Awake, my soul! lift up thine eyes;
See where thy foes against thee rise,
In long array, a numerous host;
Awake, my soul! or thou art lost.
Here giant danger threatening stands,
Mustering his pale, terrific bands;
There, pleasure’s silken banners spread,
And willing souls are captives led.
See where rebellious passions rage,
And fierce desires and lusts engage;
The meanest foe of all the train
Has thousands and ten thousands slain.
Come, then, my soul! now learn to wield
The weight of thine immortal shield;
Put on the armor from above
Of heavenly truth and heavenly love.
The terror and the charm repel,
And powers of earth, and powers of hell;
The Man of Calvary triumphed here;
Why should his faithful followers fear?
Awake, my soul, lift up thine eyes. Anna L. Barbauld. [Watchfulness.] Contributed to Dr.

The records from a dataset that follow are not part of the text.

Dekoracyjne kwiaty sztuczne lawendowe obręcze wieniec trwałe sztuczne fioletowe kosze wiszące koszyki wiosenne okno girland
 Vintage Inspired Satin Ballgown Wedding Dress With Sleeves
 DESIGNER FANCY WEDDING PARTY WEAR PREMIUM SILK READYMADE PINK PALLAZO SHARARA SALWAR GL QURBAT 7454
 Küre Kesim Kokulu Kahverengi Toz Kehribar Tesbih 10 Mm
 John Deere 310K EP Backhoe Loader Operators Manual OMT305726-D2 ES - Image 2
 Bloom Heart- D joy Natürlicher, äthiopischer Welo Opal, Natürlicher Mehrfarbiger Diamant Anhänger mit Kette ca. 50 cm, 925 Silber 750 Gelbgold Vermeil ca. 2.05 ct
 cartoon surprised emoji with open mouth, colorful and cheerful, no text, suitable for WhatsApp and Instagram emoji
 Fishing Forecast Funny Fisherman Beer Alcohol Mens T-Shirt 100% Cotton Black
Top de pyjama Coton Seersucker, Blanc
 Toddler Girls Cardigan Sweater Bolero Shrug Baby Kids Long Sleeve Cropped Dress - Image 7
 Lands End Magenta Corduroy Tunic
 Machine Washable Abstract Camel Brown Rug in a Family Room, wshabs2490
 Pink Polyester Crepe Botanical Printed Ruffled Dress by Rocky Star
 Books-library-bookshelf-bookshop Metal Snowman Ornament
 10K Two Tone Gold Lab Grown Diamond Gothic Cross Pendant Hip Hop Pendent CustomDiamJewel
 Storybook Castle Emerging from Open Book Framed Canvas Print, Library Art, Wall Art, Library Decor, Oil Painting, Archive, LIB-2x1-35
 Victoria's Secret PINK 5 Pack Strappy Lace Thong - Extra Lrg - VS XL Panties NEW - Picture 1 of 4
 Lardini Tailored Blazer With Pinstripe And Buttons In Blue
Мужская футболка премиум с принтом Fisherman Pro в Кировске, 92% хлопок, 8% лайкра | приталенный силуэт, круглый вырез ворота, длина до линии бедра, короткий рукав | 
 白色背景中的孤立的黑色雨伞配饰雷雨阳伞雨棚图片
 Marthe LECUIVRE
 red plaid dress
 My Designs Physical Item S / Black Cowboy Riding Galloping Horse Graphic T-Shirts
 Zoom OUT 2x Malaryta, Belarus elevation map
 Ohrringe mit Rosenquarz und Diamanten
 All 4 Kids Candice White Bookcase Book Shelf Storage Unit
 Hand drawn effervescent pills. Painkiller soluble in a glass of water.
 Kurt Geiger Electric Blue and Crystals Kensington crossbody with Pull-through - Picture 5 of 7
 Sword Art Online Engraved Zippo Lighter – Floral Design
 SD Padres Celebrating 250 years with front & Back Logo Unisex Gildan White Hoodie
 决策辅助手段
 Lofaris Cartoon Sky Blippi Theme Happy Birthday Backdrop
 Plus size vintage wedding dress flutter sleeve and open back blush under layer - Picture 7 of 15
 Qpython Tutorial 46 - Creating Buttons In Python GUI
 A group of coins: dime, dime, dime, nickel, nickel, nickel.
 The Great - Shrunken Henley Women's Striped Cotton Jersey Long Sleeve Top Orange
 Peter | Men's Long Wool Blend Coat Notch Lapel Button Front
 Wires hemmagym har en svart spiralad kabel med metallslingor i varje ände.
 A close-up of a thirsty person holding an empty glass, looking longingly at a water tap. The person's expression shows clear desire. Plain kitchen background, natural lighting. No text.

Enfield's Hymns, &c, Warrington, 1772, No. 126, in 6 stanzas of 4 lines, and headed "The Conflict." In the following year it was repeated in her Poems, London, 1773, and again in her Works, &c, 1825, vol. i. p. 330. Its use has been and still is fairly extensive both in Great Britain, and America. Original text in Lyra Britannica, 1867, p. 34, and Lord Seiborne's Book of Praise, 1862, p. 485. In the latter the date, 1773, is given in error.